The Cu Chi tunnels are situated approx 70km from the city centre and are a hand made network of underground tunnels and caverns that were used primarily by the Viet Cong during the American war. The tunnels are a complex maze approximately 75 miles long where soldiers would often spend days underground, only venturing out at night to hunt for food or tend to their crops when they couldn’t be seen by the enemy. As one can imagine, sickness was rife underground with malaria in particular a big problem not to mention issues caused by poor sanitation and vermin.
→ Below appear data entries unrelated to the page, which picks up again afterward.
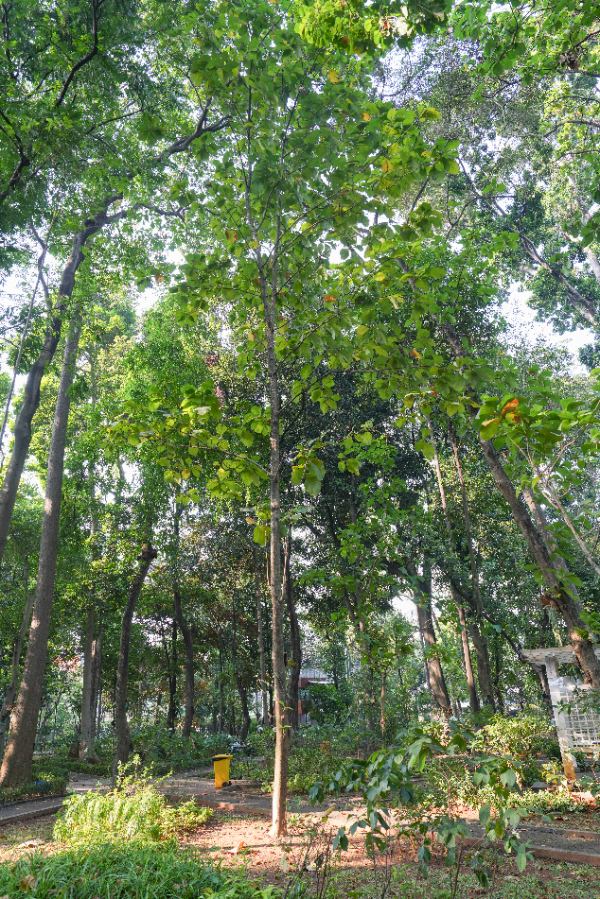 Tectona grandis L.f.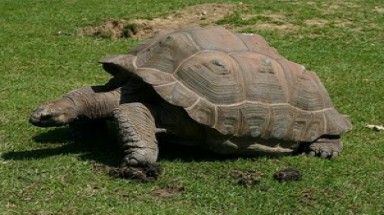  Đưa thêm hơn 400 loài động thực vật vào Sách Đỏ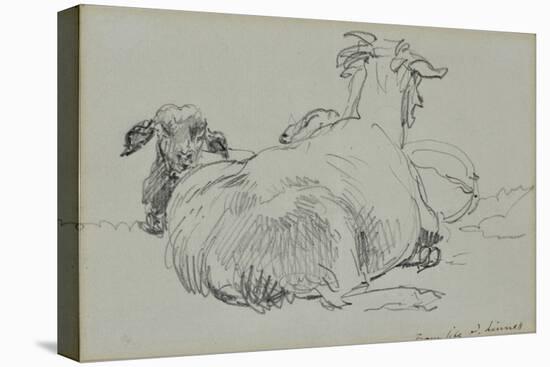 Two Sheep-John Linnell-Stretched Canvas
We booked a guided half day tour via a travel agent in HCM City for 69,000 Dong each, approx £2 per person and arrived as instructed at 8am to pick up our tour bus. After waiting until almost 9.30am we finally made a hazardous journey to the tunnels which took approx 90 mins, albeit via a refreshment stop and a tour of a factory making and selling tablewares with intricate eggshell designs. Backpackers aren’t really the best target audience for these types of souvenir so we didn’t witness anyone buying anything.
We had to pay an additional 110,000 dong each to enter the site of the tunnels (approx £3.50) and were soon led through to the jungle with sounds of gunshots in the distance. Our guide showed us a viewing hole that the Viet Cong used to check on the position of the sun as well as the enemy, that was completely camouflaged from the outside world and was barely wide enough for someone to drop into and was concealed by a wooden lid covered with leaves. A few of our group took up the invite of going in for a look with John putting his hand up first!
Our guide proceeded to show us the rest of the site including some crude but extremely brutal booby traps to capture American soldiers as well as some ingenious ventilation holes for the tunnels. As the sound of gunfire came closer, we were given the opportunity to fire a choice of assault rifle ourselves from a choice of ak-47’s, m10’s and similar which we chose at a cost of circa £10 each for 10 shots. This wasn’t something either of us had done previously and the noise was deafening even when wearing the mandatory ear defenders. The power of the guns and kick back was much more than we both expected.
After such an exhilarating experience we discovered that our guide had continued the tour with the rest of our group and left us behind! Not wanting to wander through a jungle unaccompanied, we joined in with another group from the same company until we found him again.
We were invited to enter the tunnels themselves which were reached via a steep ladder to various depths. John found the experience too claustrophobic with the tunnels being jammed with tourists and barely 2 feet wide and 3 feet high and quickly came out. In addition the tunnels were so dark you couldn’t see your hand in front of your face without using your smartphone torch, something the Viet Cong clearly wouldn’t have had, pretty amazing how they helped defeat the US army from such an environment.
After finding our guide again we were given a cup of local Vietnamese tea and some tapioca before heading back to our bus. All in all an excellent trip with the exception of our guide deserting us, he clearly wouldn’t have made a very good soldier!